AVONDALE, La. — Jerry Kelly took the umbrella from the parade marshal, donned his tasseled sash and danced his way off the 18th as the brass band played an exuberant Dixieland tune.
After enduring a seven-year winless streak, a determined charge by half-dozen young golfers, and a pair of bogeys that dropped him out of the lead, Kelly’s one-stroke victory in the Zurich Classic on Sunday was plenty of reason to celebrate.
“It’s been a long time,” said Kelly, who was showered with Mardi Gras beads by fans and presented with a large tray of char-broiled oysters by his favorite New Orleans restaurant. “I sometimes doubted if it was ever going to happen again.”
Kelly rallied with two birdies on the back nine to claim the $1.1 million payday on Sunday.
Kelly offset bogeys on No. 8 and No. 10 with birdies on Nos. 5, 11 and 14 for a 1-under 71 in the final round. He finished with a 274, one stroke ahead of three players.
It was the 42-year-old Wisconsin player’s first PGA Tour title since he won two in 2002 – exactly 200 starts ago.

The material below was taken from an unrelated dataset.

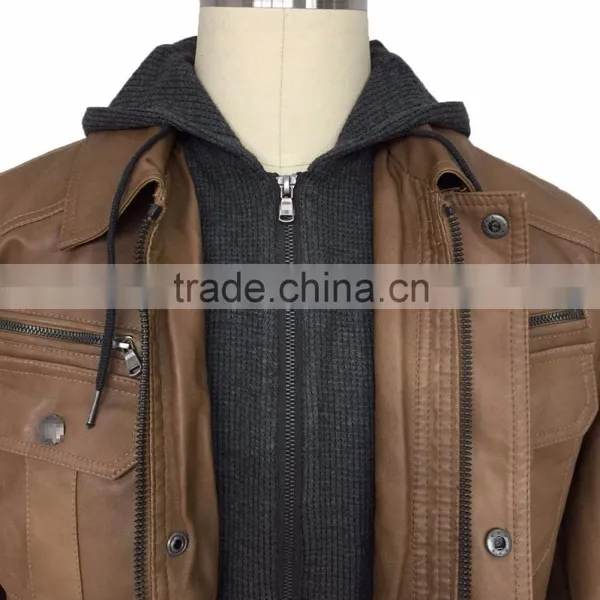 Man Wear Supplier Good Quality New Fashion Wholesale Brown PU Leather Jacket With Hood photo-5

Charles Howell took advantage of Kelly’s mid-round stumble with one of his six birdies on 11, which gave him a two-stroke lead. But bogeys at 15 and 17 left him with a 68 on the day, and he tied for second with Rory Sabbatini (67) and Charlie Wi (68).

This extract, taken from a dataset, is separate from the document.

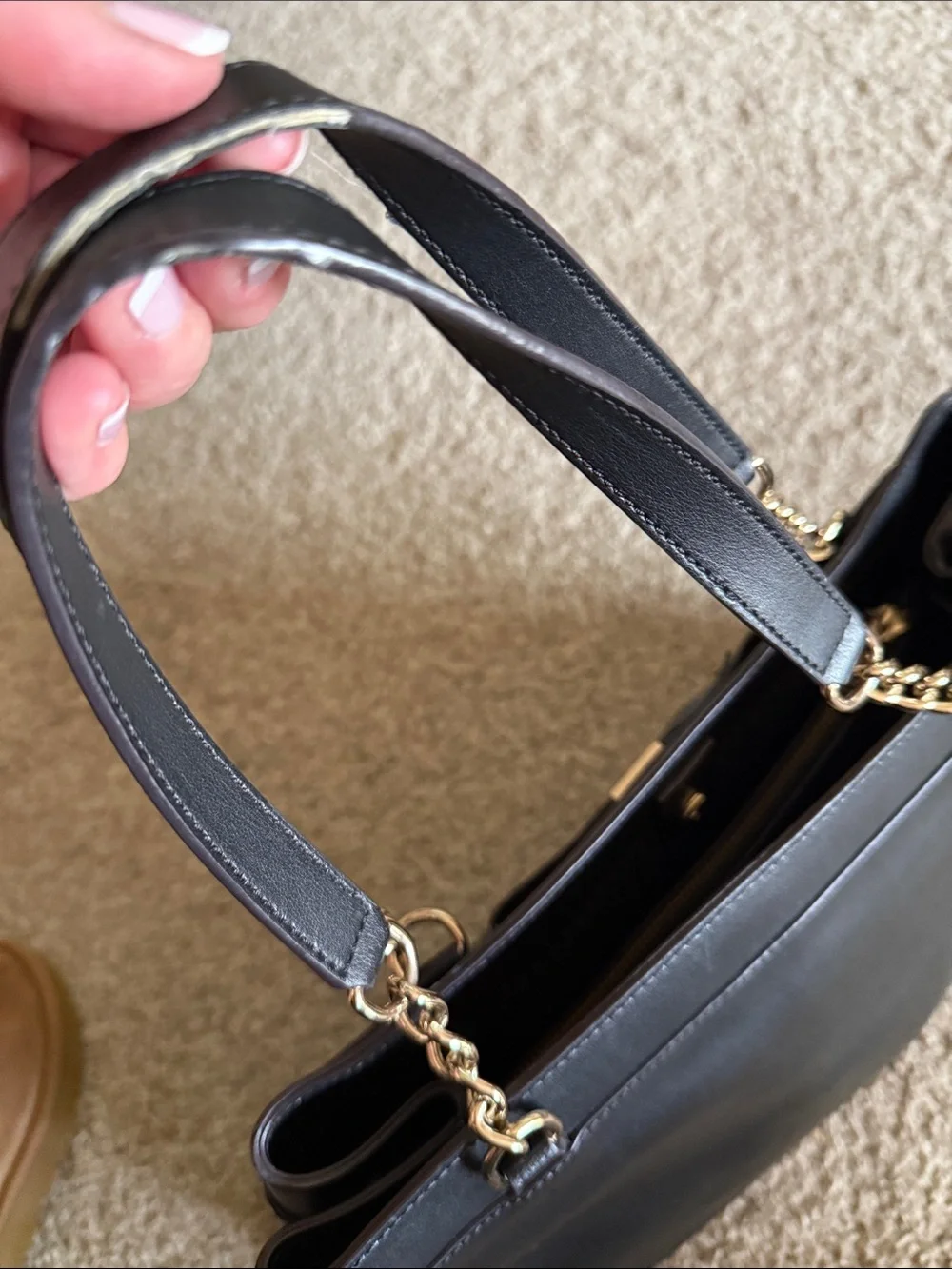 kate spade Black Leather Bow-Accent Tote with Gold Chain Straps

“It’s frustrating,” said Howell. “I got up to 15, and had every chance to do it. I just couldn’t finish it off.”
Kelly, an admitted leaderboard watcher, said seeing Howell take a two-stroke lead on No. 11 did not cause him to doubt himself.
“I knew what the back side had been doing to everybody all week,” Kelly said. “And I had actually been playing the back side better,”

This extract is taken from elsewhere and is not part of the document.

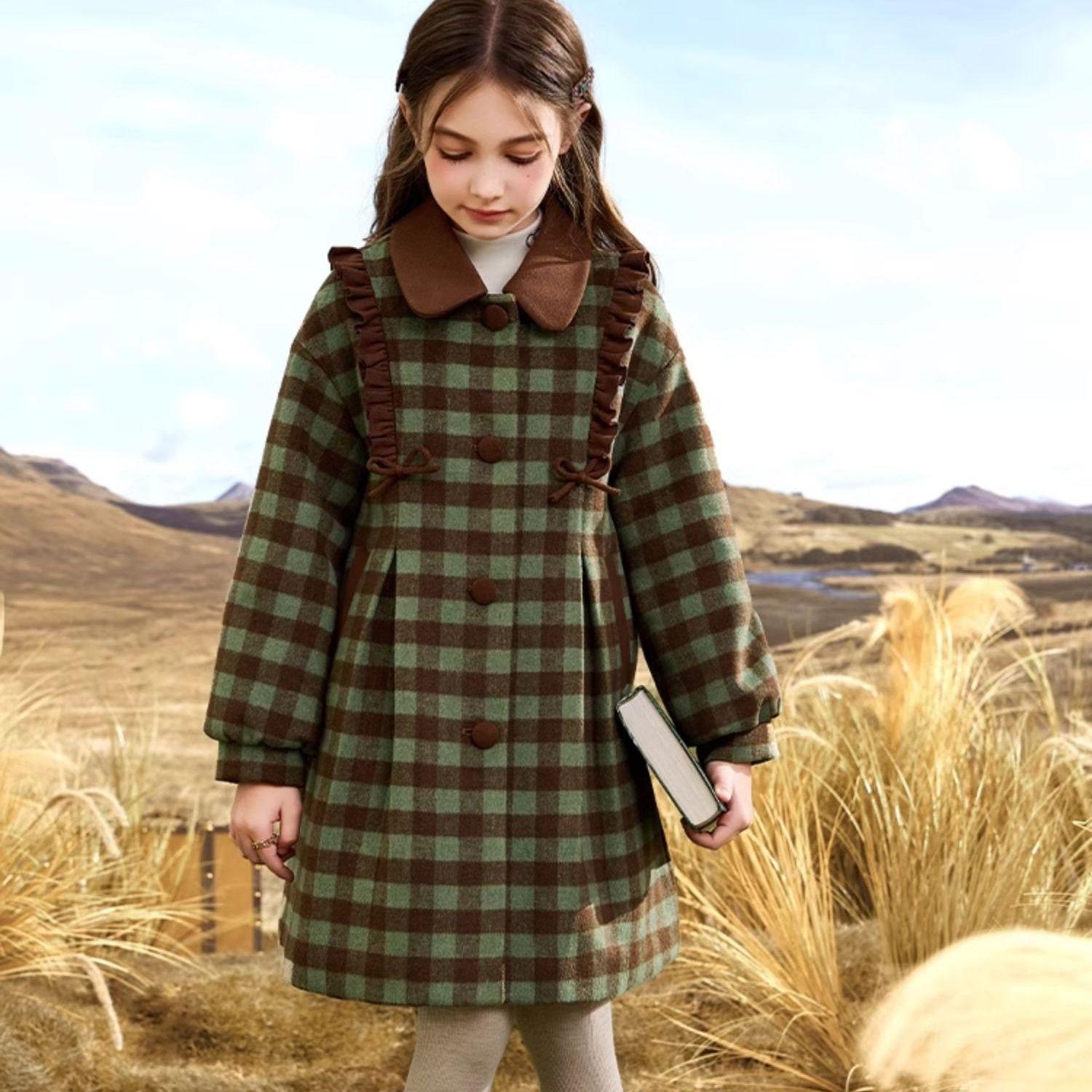 

Girls Fashionable Checked Woolen Coat, Loose and Thick Warm Woolen Overcoat for Children Autumn and Winter 160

Steve Marino, playing with Kelly, stayed within one shot until the 18th. Instead of getting the victory or forcing a playoff, he hit his tee shot into a fairway bunker and then needed two putts. He put up his third bogey and finished at 70, tied for fifth at 276.
“I thought I hit a great third shot in there, and it just came off like half a club short in that bunker,” Marino said. “And that was it.”
Kelly, meanwhile, calmly rolled his final putt about 2 1/2 feet for his 13th par on the day and the championship. Despite the seven-year title drought, Kelly said he really didn’t have trouble with his nerves until his final putt on 18. He said practicing deep-breathing techniques settled him down.
His first title since claiming the Sony Open and Advil Western Open in 2002 provided Kelly with his biggest payday ever. The winning purse moved Kelly from No. 97 to No. 14 on the money list with $1.4 million. It also earns him full exempt status through 2011.
And it netted him 500 FedExCup points, moving him to 17th in the standings.
David Toms, who won this tournament in 2001, had five birdies for a 68 on the day after a bogey on the first hole. His 276 not only tied him with Marino, it boosted him in the FedExCup standings and into the Players Championship.